Le rapport, commandé en avril 2019 par Emmanuel Macron après plusieurs mois de crise des "gilets jaunes", devait initialement être remis en novembre, puis fin janvier. Des dissensions entre Matignon et l'Élysée, et les fortes résistances des grands corps concernés, notamment les magistrats opposés à une formation commune, figurent parmi les explications à ces retards.

"Diversité insuffisante"

Le rapport constate que la formation actuelle souffre d'"une diversité très insuffisante, avec une sur-représentation des classes supérieures, une répartition par sexes profondément déséquilibrée et un quasi-monopole parisien pour la préparation aux différents concours".

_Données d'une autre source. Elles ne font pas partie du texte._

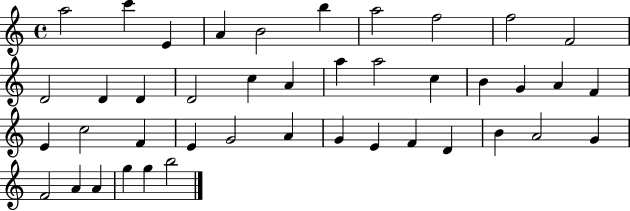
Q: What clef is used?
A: treble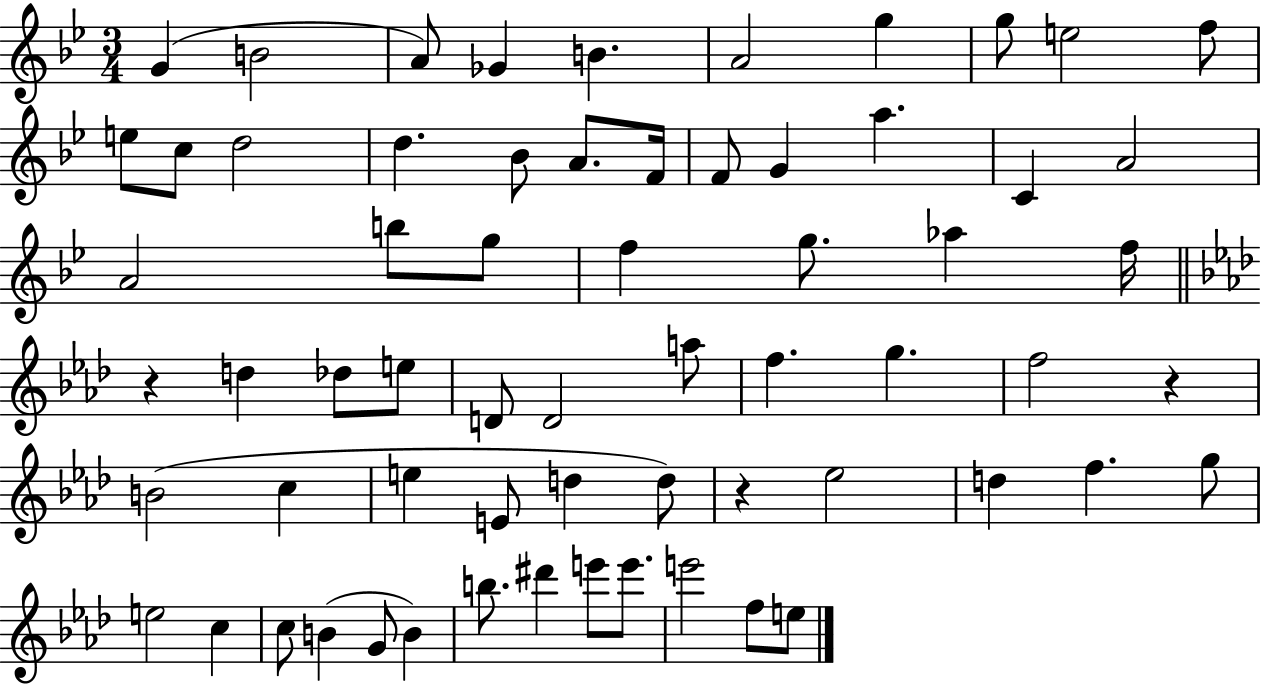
G4/q B4/h A4/e Gb4/q B4/q. A4/h G5/q G5/e E5/h F5/e E5/e C5/e D5/h D5/q. Bb4/e A4/e. F4/s F4/e G4/q A5/q. C4/q A4/h A4/h B5/e G5/e F5/q G5/e. Ab5/q F5/s R/q D5/q Db5/e E5/e D4/e D4/h A5/e F5/q. G5/q. F5/h R/q B4/h C5/q E5/q E4/e D5/q D5/e R/q Eb5/h D5/q F5/q. G5/e E5/h C5/q C5/e B4/q G4/e B4/q B5/e. D#6/q E6/e E6/e. E6/h F5/e E5/e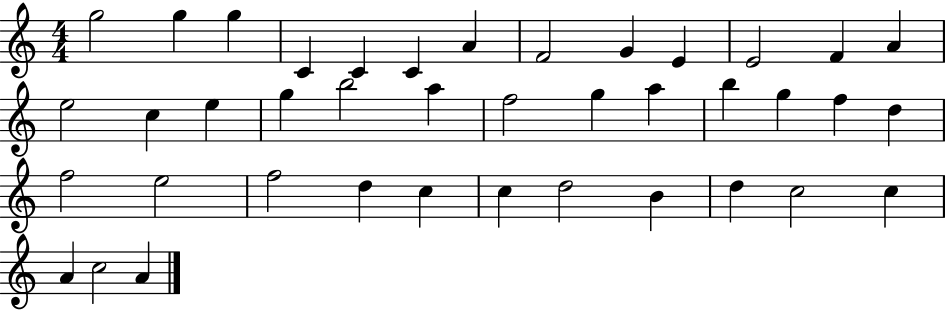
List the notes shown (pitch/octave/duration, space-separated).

G5/h G5/q G5/q C4/q C4/q C4/q A4/q F4/h G4/q E4/q E4/h F4/q A4/q E5/h C5/q E5/q G5/q B5/h A5/q F5/h G5/q A5/q B5/q G5/q F5/q D5/q F5/h E5/h F5/h D5/q C5/q C5/q D5/h B4/q D5/q C5/h C5/q A4/q C5/h A4/q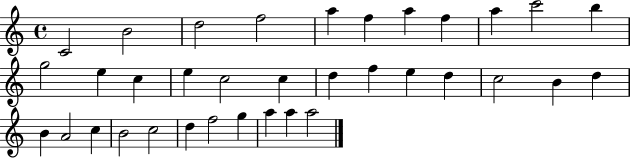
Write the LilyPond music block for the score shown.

{
  \clef treble
  \time 4/4
  \defaultTimeSignature
  \key c \major
  c'2 b'2 | d''2 f''2 | a''4 f''4 a''4 f''4 | a''4 c'''2 b''4 | \break g''2 e''4 c''4 | e''4 c''2 c''4 | d''4 f''4 e''4 d''4 | c''2 b'4 d''4 | \break b'4 a'2 c''4 | b'2 c''2 | d''4 f''2 g''4 | a''4 a''4 a''2 | \break \bar "|."
}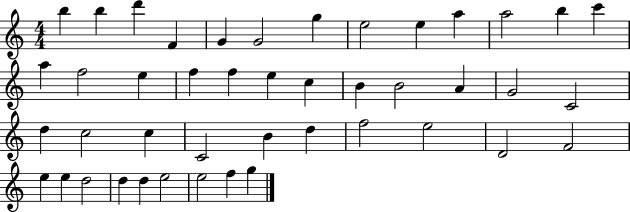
{
  \clef treble
  \numericTimeSignature
  \time 4/4
  \key c \major
  b''4 b''4 d'''4 f'4 | g'4 g'2 g''4 | e''2 e''4 a''4 | a''2 b''4 c'''4 | \break a''4 f''2 e''4 | f''4 f''4 e''4 c''4 | b'4 b'2 a'4 | g'2 c'2 | \break d''4 c''2 c''4 | c'2 b'4 d''4 | f''2 e''2 | d'2 f'2 | \break e''4 e''4 d''2 | d''4 d''4 e''2 | e''2 f''4 g''4 | \bar "|."
}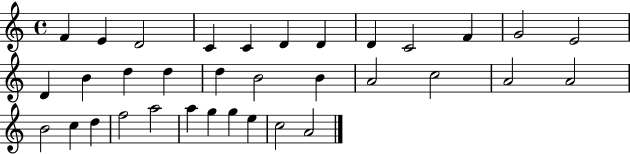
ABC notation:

X:1
T:Untitled
M:4/4
L:1/4
K:C
F E D2 C C D D D C2 F G2 E2 D B d d d B2 B A2 c2 A2 A2 B2 c d f2 a2 a g g e c2 A2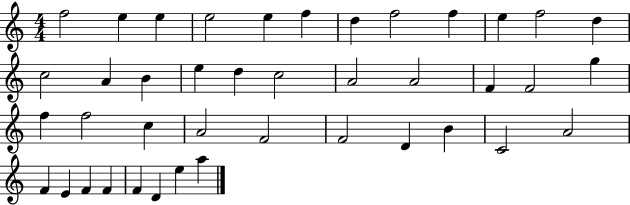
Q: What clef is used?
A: treble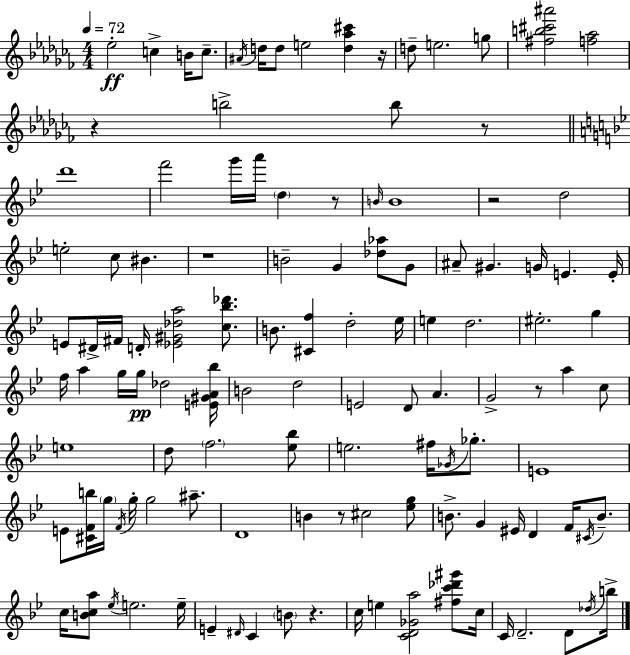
{
  \clef treble
  \numericTimeSignature
  \time 4/4
  \key aes \minor
  \tempo 4 = 72
  ees''2-.\ff c''4-> b'16 c''8.-- | \acciaccatura { ais'16 } d''16 d''8 e''2 <d'' aes'' cis'''>4 | r16 d''8-- e''2. g''8 | <fis'' b'' cis''' ais'''>2 <f'' aes''>2 | \break r4 b''2-> b''8 r8 | \bar "||" \break \key bes \major d'''1 | f'''2 g'''16 a'''16 \parenthesize d''4 r8 | \grace { b'16 } b'1 | r2 d''2 | \break e''2-. c''8 bis'4. | r1 | b'2-- g'4 <des'' aes''>8 g'8 | ais'8-- gis'4. g'16 e'4. | \break e'16-. e'8 dis'16-> fis'16 d'16-. <ees' gis' des'' a''>2 <c'' bes'' des'''>8. | b'8. <cis' f''>4 d''2-. | ees''16 e''4 d''2. | eis''2.-. g''4 | \break f''16 a''4 g''16 g''16\pp des''2 | <e' gis' a' bes''>16 b'2 d''2 | e'2 d'8 a'4. | g'2-> r8 a''4 c''8 | \break e''1 | d''8 \parenthesize f''2. <ees'' bes''>8 | e''2. fis''16 \acciaccatura { ges'16 } ges''8.-. | e'1 | \break e'8 <cis' f' b''>16 \parenthesize g''16 \acciaccatura { f'16 } g''16-. g''2 | ais''8.-- d'1 | b'4 r8 cis''2 | <ees'' g''>8 b'8.-> g'4 eis'16 d'4 f'16 | \break \acciaccatura { cis'16 } b'8.-- c''16 <b' c'' a''>8 \acciaccatura { ees''16 } e''2. | e''16-- e'4-- \grace { dis'16 } c'4 \parenthesize b'8 | r4. c''16 e''4 <c' d' ges' a''>2 | <fis'' c''' des''' gis'''>8 c''16 c'16 d'2.-- | \break d'8 \acciaccatura { des''16 } b''16-> \bar "|."
}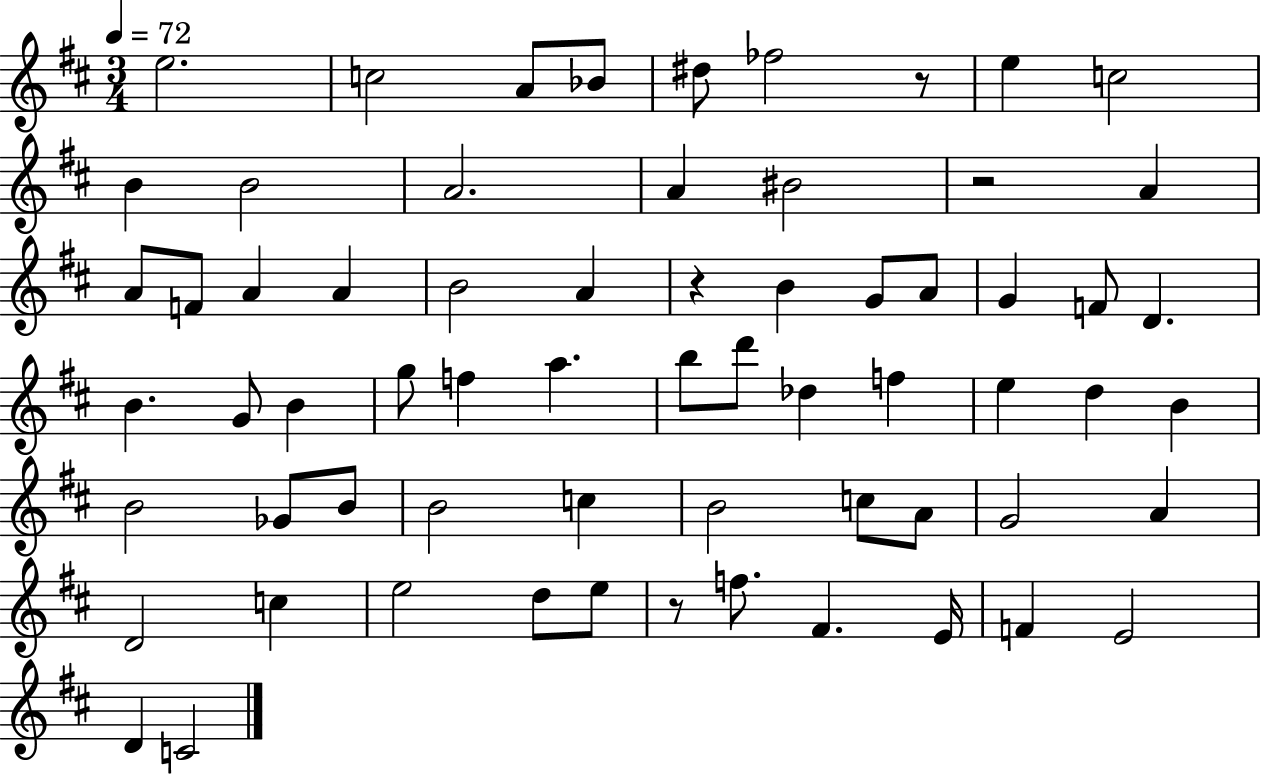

Il ne propose pour autant pas de "big bang": si l'ENA en tant que telle doit bien disparaître comme l'avait annoncé Emmanuel Macron le 25 avril dernier, le principe d'une formation spécifique pour la haute fonction publique est maintenu.

Quant au "système des grands corps" auquel le Président souhaitait mettre fin, il est modifié mais pas supprimé: les fonctionnaires des inspections (IGF, IGA, IGAS) seraient nommés pour une durée limitée, mais les grands corps  juridictionnels (Conseil d'État et Cour des comptes) sont maintenus, car leur indépendance est inscrite dans la Constitution.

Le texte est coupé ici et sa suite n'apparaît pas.